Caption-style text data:
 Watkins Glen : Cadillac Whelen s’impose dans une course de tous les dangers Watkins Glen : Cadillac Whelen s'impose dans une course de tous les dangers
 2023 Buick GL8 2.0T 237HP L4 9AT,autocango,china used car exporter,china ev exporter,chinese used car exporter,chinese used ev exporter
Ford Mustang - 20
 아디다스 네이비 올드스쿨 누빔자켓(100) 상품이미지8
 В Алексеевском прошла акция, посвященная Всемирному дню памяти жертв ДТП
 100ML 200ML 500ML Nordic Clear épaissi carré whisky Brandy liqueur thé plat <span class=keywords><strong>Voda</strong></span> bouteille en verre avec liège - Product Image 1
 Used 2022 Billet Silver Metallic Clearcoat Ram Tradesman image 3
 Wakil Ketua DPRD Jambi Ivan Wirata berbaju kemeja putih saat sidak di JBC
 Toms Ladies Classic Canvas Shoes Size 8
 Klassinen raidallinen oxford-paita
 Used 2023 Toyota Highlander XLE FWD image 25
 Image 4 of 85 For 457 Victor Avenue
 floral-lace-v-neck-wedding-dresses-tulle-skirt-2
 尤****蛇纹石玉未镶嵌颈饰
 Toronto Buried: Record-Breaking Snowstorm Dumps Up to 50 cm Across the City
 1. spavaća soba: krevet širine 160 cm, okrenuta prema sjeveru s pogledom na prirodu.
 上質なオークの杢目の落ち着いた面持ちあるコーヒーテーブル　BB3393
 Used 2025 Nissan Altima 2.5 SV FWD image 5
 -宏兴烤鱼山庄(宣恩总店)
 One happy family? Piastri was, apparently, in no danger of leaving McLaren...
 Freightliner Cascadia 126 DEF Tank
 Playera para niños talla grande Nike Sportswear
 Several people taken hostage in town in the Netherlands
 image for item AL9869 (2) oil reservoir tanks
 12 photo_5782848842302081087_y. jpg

#### Task requirements:
The records above must be repeated exactly, in their entirety.

#### Written solution:
 Watkins Glen : Cadillac Whelen s’impose dans une course de tous les dangers Watkins Glen : Cadillac Whelen s'impose dans une course de tous les dangers
 2023 Buick GL8 2.0T 237HP L4 9AT,autocango,china used car exporter,china ev exporter,chinese used car exporter,chinese used ev exporter
Ford Mustang - 20
 아디다스 네이비 올드스쿨 누빔자켓(100) 상품이미지8
 В Алексеевском прошла акция, посвященная Всемирному дню памяти жертв ДТП
 100ML 200ML 500ML Nordic Clear épaissi carré whisky Brandy liqueur thé plat <span class=keywords><strong>Voda</strong></span> bouteille en verre avec liège - Product Image 1
 Used 2022 Billet Silver Metallic Clearcoat Ram Tradesman image 3
 Wakil Ketua DPRD Jambi Ivan Wirata berbaju kemeja putih saat sidak di JBC
 Toms Ladies Classic Canvas Shoes Size 8
 Klassinen raidallinen oxford-paita
 Used 2023 Toyota Highlander XLE FWD image 25
 Image 4 of 85 For 457 Victor Avenue
 floral-lace-v-neck-wedding-dresses-tulle-skirt-2
 尤****蛇纹石玉未镶嵌颈饰
 Toronto Buried: Record-Breaking Snowstorm Dumps Up to 50 cm Across the City
 1. spavaća soba: krevet širine 160 cm, okrenuta prema sjeveru s pogledom na prirodu.
 上質なオークの杢目の落ち着いた面持ちあるコーヒーテーブル　BB3393
 Used 2025 Nissan Altima 2.5 SV FWD image 5
 -宏兴烤鱼山庄(宣恩总店)
 One happy family? Piastri was, apparently, in no danger of leaving McLaren...
 Freightliner Cascadia 126 DEF Tank
 Playera para niños talla grande Nike Sportswear
 Several people taken hostage in town in the Netherlands
 image for item AL9869 (2) oil reservoir tanks
 12 photo_5782848842302081087_y. jpg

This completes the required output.